Software bereits in 19 Länder verkauft
Die Grundidee für „The Drink Exchange“ entstand bereits Mitte der neunziger Jahre – ironischerweise bei einem Bier. Seitdem wurde die Software in 19 Länder verkauft. Die heutigen technologischen Möglichkeiten beflügeln und erweitern das Konzept. Es trifft den Zeitgeist. Bars haben traditionell ein Problem mit der Markenidentität, da alle ein sehr ähnliches Produktportfolio anbieten. Zudem löst das System die klassische Herausforderung für Barbesitzer, die darin besteht, die Einnahmen zu steigern und die Kosten niedrig zu halten. Beim Verbraucher zahlt das Konzept auf die generelle Gamifizierung von Freizeitaktivitäten ein. Die Technologisierung von Bars sorgt für eine echte Win-Win-Situation: Das Ergebnis von „The Drink Exchange“ sind höhere Umsätze für Betreiber und ein spaßiges Erlebnis für ihre Kunden.
„The Drink Exchange“ wird in der Regel als wöchentliches Event veranstaltet. Einzelne Bars haben es aber auch zum permanenten Konzept gemacht. Die Grundidee wird ständig erweitert. Die Erfinder des Systems, Jungunternehmer aus Miami, haben beispielsweise „Futures“ eingeführt. Barbesucher kaufen sich Getränketickets am Automaten und spekulieren auf Cocktail-Leerverkäufe. Wenn er möchte, kann der Barmann auch einen Börsencrash inszenieren. Es kommt zu Marktabstürzen, wenn an verschiedenen Stellen im Laufe des Abends eine Auswahl von Produkten auf einen Mindestpreis herunterfällt. Nach von der Bar ausgesendeten Social-Media-Benachrichtigungen kann es auch zu Insiderhandel kommen.

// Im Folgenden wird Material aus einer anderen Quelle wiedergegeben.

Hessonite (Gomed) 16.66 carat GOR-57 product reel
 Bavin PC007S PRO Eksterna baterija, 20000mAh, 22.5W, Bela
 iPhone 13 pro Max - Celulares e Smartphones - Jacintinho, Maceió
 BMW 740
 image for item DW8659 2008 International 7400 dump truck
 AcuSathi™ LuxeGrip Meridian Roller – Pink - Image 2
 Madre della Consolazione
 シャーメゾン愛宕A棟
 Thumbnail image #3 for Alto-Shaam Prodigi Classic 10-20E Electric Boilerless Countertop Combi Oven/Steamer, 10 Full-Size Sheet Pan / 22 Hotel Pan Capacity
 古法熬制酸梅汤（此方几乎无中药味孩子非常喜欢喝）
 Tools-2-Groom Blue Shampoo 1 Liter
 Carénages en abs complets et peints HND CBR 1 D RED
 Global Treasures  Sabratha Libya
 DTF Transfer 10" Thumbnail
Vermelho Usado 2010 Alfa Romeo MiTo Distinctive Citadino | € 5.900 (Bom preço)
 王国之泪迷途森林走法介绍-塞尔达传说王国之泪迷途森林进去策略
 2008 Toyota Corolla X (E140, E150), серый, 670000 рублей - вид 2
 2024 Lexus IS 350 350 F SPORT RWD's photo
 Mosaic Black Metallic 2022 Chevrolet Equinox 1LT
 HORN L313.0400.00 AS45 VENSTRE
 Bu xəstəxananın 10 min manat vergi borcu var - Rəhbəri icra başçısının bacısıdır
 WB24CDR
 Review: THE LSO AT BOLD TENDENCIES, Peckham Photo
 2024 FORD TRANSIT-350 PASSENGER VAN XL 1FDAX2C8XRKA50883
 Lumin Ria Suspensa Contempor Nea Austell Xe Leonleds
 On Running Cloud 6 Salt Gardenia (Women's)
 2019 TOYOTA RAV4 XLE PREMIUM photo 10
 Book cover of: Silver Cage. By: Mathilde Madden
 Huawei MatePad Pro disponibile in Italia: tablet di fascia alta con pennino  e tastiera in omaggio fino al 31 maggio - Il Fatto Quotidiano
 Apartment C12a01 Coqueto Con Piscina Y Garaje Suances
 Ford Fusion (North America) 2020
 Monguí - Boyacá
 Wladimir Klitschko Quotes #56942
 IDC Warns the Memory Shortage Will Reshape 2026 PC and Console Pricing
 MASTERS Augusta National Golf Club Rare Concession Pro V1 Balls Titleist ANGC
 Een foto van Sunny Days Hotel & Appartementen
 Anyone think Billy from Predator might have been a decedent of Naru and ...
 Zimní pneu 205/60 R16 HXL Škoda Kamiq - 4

Barbesucher teilen Erfahrungen im Netz
Die Möglichkeiten sind vielfältig. Für die Kunden ist dies beste Unterhaltung. Ihr Risiko besteht allein darin, zu viel durcheinander zu trinken. Für Barbetreiber lohnt sich die Börsenstimmung. Eine Studie, die auf der Website von „The Drink Exchange“ veröffentlich wurde, zeigt, dass eine Bar ihren Umsatz beispielsweise versechsfachte, indem sie über einen Zeitraum von sechs Wochen eine wöchentliche Veranstaltung durchführte. Für Werbung sorgen die Bargäste, die ihre Erfahrungen in den sozialen Medien bis zu sieben Mal öfters teilen als bei Besuchen anderer Bars.
Entscheidend ist, dass der Spaß im Mittelpunkt steht, gerade weil die Bar die vollständige Kontrolle hat. Sie legt die gehandelten Produkte fest, bestimmt Mindest- und Höchstpreise und löst Marktabstürze aus. Die Getränkepreise werden durch die dahinter liegende Technologie automatisch an den POS-Terminals synchronisiert. Dies macht „The Drink Exchange“ nicht nur zu einem effektiven, sondern auch zu einem leicht umzusetzenden Verkaufstools. Weiß ein Barbetreiber beispielsweise, dass seine Gäste typsicherweise gegen 22 Uhr gehen, sorgt er kurz vorher für einen Marktabsturz.